Chrisann Brennan, who for years was the girlfriend of Steve Jobs (and mother to his first child Lisa), is preparing to release a memoir recounting her time spent with the late Apple co-founder. The New York Post has today posted an excerpt of The Bite in the Apple: a Memoir of My Life with Steve Jobs, revealing an intimate and at times troubling portrait of Jobs as his company morphed from a garage project into a legitimate technology titan. Rather than focus on Apple, Brennan instead traces the evolution of Jobs' personality. "Steve often said that he had a strong sense of having had a past life as a World War II pilot," she writes. "But that’s not how I pictured him in 1977. Apple was taking off and Steve wasn’t in an airplane, he was in a rocket ship blasting out beyond the atmosphere of what anyone imagined possible. And he was changing."

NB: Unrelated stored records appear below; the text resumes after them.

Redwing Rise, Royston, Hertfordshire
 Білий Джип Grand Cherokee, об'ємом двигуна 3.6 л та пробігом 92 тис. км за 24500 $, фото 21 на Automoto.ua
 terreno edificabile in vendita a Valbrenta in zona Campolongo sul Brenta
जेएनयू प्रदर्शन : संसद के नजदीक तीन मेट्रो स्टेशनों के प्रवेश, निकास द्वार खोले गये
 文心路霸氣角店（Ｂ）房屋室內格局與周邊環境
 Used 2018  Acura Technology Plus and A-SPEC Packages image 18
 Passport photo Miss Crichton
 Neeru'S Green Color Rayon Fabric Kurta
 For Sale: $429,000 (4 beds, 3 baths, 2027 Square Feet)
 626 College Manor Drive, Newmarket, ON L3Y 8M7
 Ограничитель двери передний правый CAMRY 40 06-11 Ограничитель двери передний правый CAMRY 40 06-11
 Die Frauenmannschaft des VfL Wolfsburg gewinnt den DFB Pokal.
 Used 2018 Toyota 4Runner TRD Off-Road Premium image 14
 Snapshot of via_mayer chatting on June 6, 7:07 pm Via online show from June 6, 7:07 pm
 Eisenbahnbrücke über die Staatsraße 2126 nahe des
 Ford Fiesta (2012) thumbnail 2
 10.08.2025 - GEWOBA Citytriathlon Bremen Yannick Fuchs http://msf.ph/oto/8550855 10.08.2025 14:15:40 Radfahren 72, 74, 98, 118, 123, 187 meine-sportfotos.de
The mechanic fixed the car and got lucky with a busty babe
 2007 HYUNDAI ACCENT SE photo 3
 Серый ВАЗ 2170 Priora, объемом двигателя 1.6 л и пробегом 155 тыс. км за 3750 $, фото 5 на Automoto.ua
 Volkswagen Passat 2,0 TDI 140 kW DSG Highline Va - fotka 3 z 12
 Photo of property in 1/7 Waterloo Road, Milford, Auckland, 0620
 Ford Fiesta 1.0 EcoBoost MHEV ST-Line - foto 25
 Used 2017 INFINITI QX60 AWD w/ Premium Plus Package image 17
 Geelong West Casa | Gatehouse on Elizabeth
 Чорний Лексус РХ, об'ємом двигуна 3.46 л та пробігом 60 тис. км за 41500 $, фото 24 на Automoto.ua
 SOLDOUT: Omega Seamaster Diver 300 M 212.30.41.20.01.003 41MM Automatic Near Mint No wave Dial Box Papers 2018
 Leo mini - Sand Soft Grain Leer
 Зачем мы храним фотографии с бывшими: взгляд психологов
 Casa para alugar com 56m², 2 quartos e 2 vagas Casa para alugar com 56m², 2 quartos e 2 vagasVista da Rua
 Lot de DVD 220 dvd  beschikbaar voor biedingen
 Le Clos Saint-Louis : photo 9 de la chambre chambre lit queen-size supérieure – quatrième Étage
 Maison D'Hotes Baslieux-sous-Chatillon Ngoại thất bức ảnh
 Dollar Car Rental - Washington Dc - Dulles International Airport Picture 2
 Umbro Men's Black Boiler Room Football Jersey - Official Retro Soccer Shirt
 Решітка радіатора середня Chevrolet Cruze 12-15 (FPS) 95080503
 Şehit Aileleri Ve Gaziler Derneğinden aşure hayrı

"Excellence had always been a gorgeous thing in Steve, but now he was using it like a weapon."

According to Brennan, she and Jobs shared something of a "hot and cold" relationship. "We were completely crazy about each other and utterly bored in turns," she says. "We shared nice dinners and some beautiful evenings, but we could barely sustain a sense of emotional intimacy, much less build on it." Brennan writes of late-night discussions on spirituality — inspired by Jobs' close relationship with Japanese Zen master Kobun Chino Otogawa. But Brennan would grow uncomfortable with Steve Jobs as her "spiritual adviser," and she also took issue with his growing and often "vicious" ego. There came a point, says Brennan, when Jobs could no longer be bothered with everyday chores like cleaning dishes. "As Apple grew, so did Steve’s sense of self-entitlement; in parallel they both seemed to take on lives of their own.

"Excellence had always been a gorgeous thing in Steve, but now he was using it like a weapon," writes Brennan. "Though I would try to adapt to the change, it all soon outweighed his value to me." Jobs would for years deny that he was the father of Lisa Brennan Jobs, though he ultimately went on to forge a loving relationship with his daughter. The excerpt also suggests that Brennan and Jobs eventually made peace with one another despite the abrupt end of their relationship. Fifteen years after they parted ways, Brennan says that Jobs called her to thank her for the intimate times they shared together. "His timing had always been so particular."